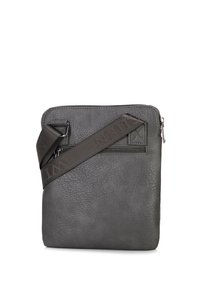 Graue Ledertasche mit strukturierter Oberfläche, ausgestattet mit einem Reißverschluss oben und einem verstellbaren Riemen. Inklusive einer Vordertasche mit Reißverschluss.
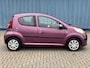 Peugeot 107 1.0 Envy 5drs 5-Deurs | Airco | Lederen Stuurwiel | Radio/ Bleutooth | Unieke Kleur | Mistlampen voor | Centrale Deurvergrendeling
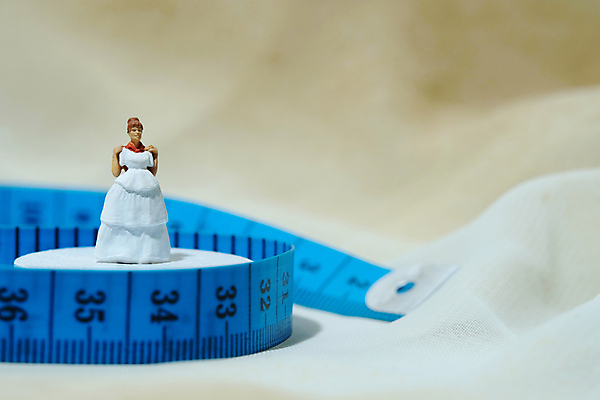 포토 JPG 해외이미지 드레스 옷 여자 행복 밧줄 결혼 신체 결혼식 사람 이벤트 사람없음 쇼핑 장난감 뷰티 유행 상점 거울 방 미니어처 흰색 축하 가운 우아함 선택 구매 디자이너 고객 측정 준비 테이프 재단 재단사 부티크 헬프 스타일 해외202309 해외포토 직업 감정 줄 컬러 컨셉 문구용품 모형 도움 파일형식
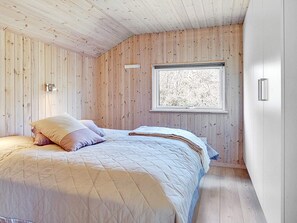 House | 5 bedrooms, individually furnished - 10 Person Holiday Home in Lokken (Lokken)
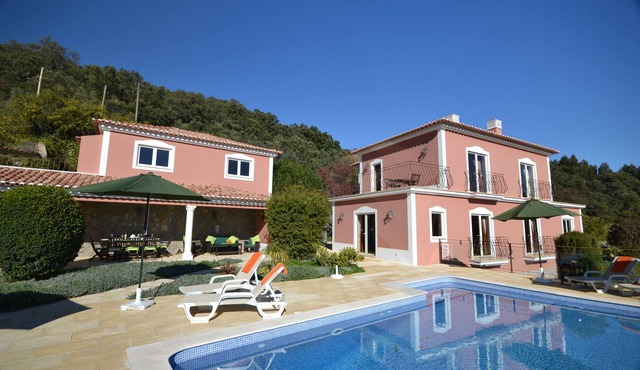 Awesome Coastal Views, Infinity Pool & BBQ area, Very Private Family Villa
====
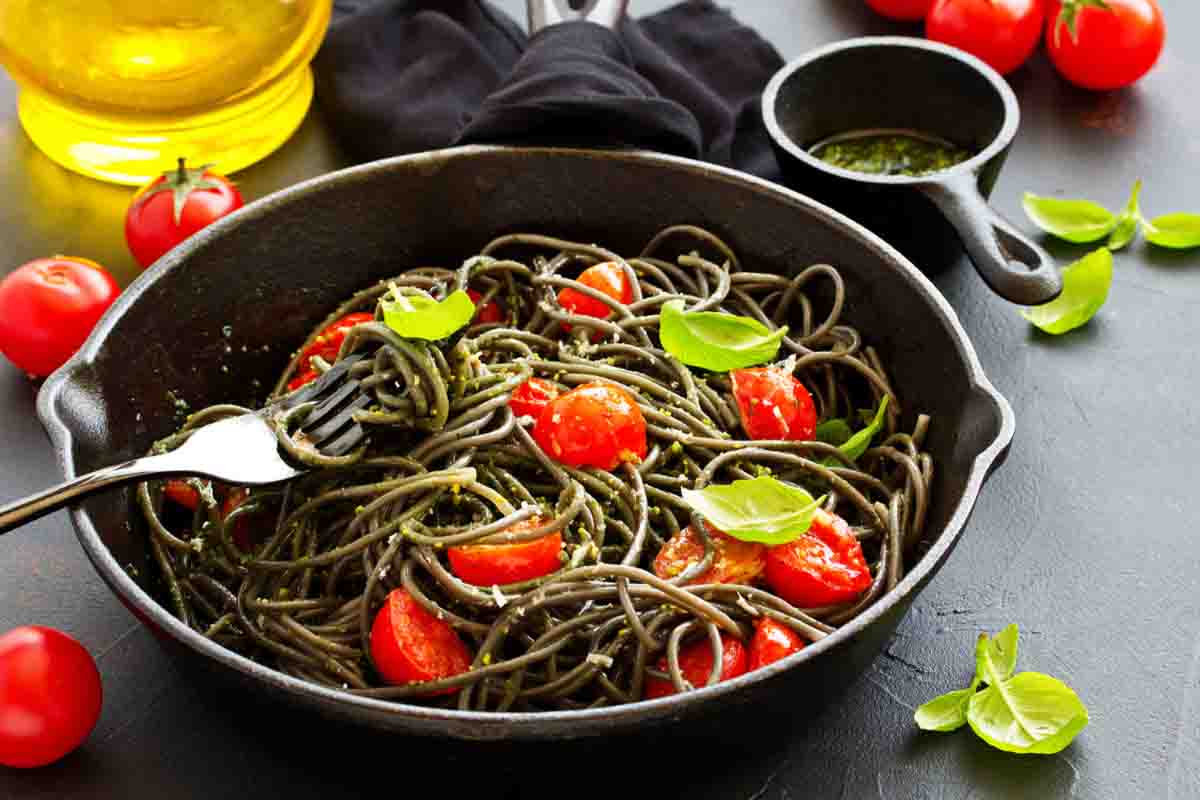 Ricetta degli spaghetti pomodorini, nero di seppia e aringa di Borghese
====
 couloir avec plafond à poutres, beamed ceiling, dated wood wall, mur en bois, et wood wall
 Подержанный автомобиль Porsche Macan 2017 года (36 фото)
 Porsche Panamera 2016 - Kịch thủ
====
# Work required
Beginning with the line above that contains "couloir avec plafond", copy each line exactly up to and including the line that contains "Porsche Panamera 2016 - Kịch thủ", and go no further.

# Reply
 couloir avec plafond à poutres, beamed ceiling, dated wood wall, mur en bois, et wood wall
 Подержанный автомобиль Porsche Macan 2017 года (36 фото)
 Porsche Panamera 2016 - Kịch thủ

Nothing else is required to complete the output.